#### WORK REQUEST
What needs transcribing is the line with "71 Coronation Street, Bardon QLD 4065" and every line after it to the end of the records, exactly and alone, with no pictures.

╭─ TASK INPUT

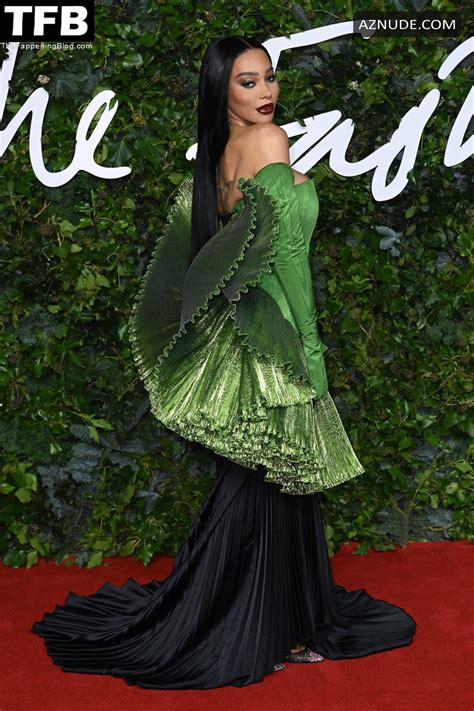 Munroe Bergdorf Sexy Seen Flaunting Her Hot Cleavage At The Fashion Awards In London AZNude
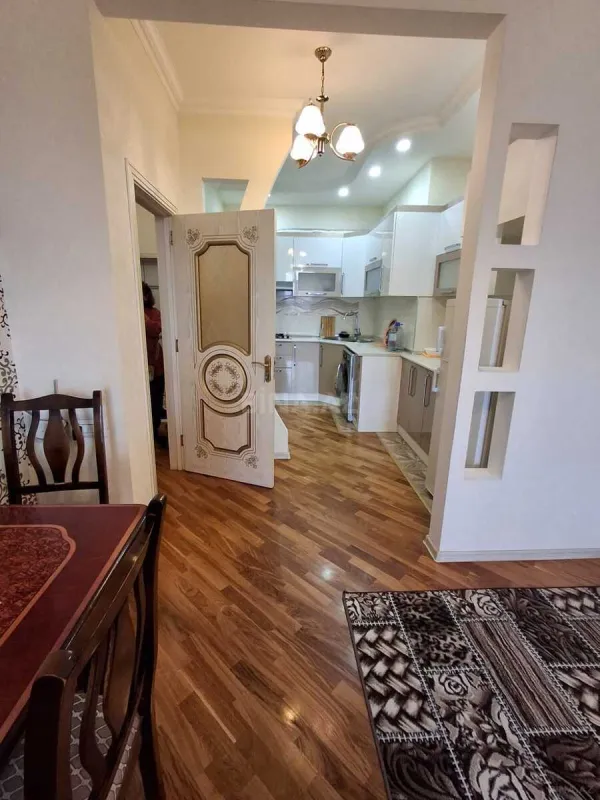 Kirayə verilir 2 otaqlı mənzil 67 m²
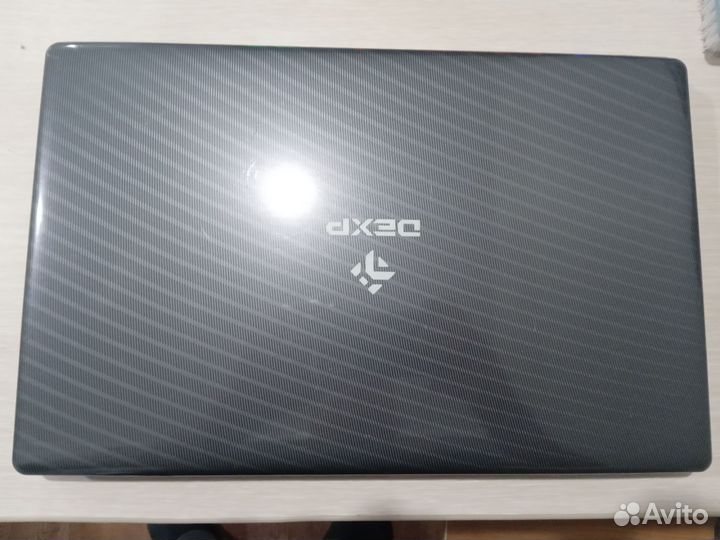 Ноутбук dexp CLV-670-SB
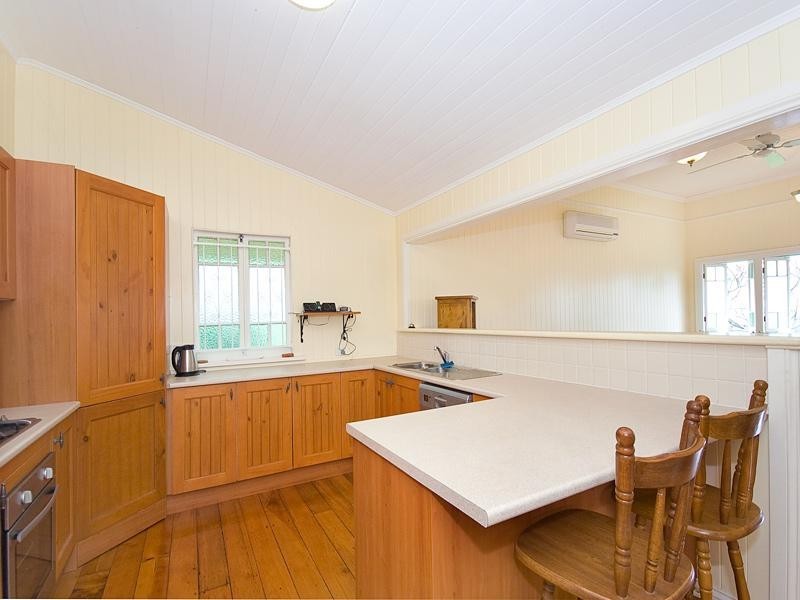 71 Coronation Street, Bardon QLD 4065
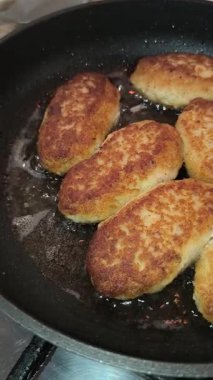 Kızarmış tava pirzolası, ev yemeği, tavada et, kızarmış köfte, yağda pişmiş yemek, basit ev yemeği..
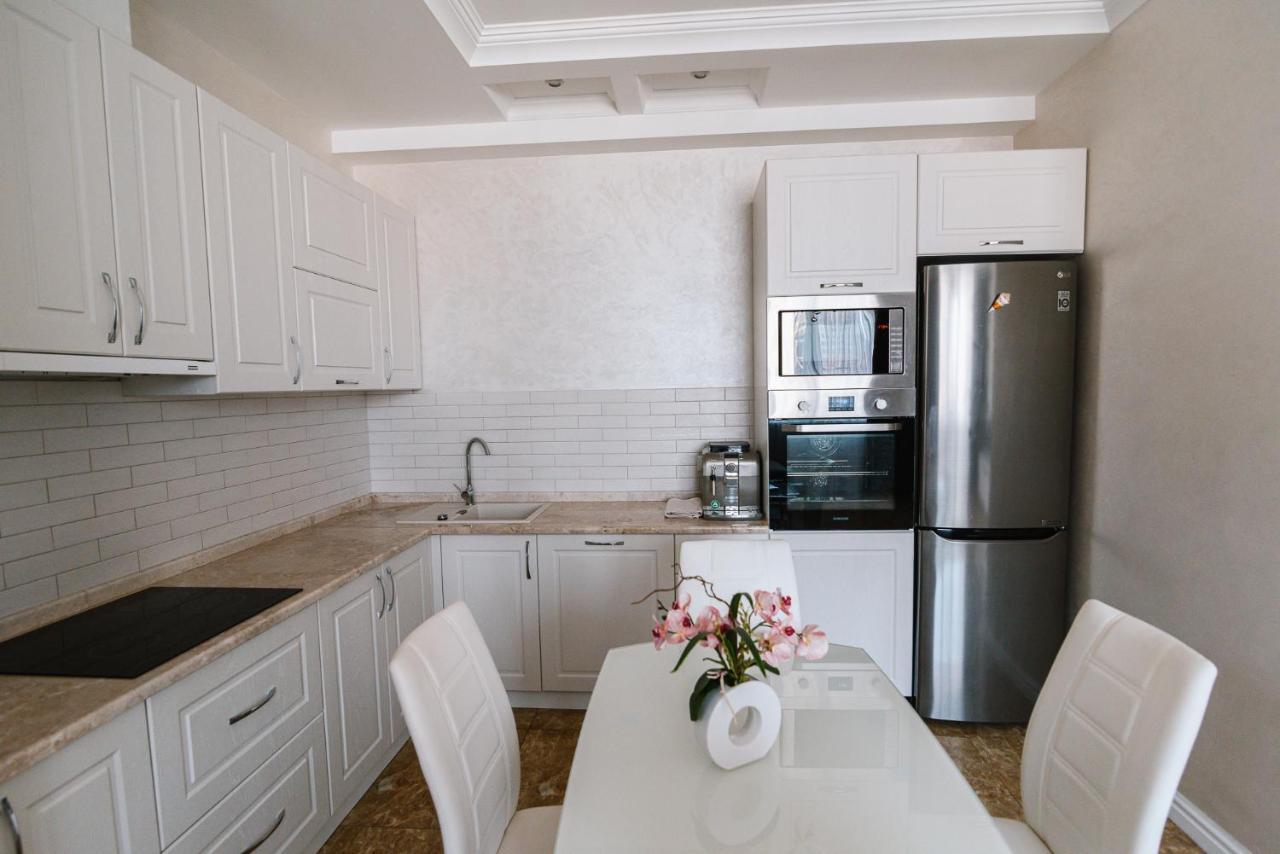 Appartamento Luxury For Business & Pleasure Royal 2 Kiev Esterno foto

╰─

#### REPLY
 71 Coronation Street, Bardon QLD 4065
 Kızarmış tava pirzolası, ev yemeği, tavada et, kızarmış köfte, yağda pişmiş yemek, basit ev yemeği..
 Appartamento Luxury For Business & Pleasure Royal 2 Kiev Esterno foto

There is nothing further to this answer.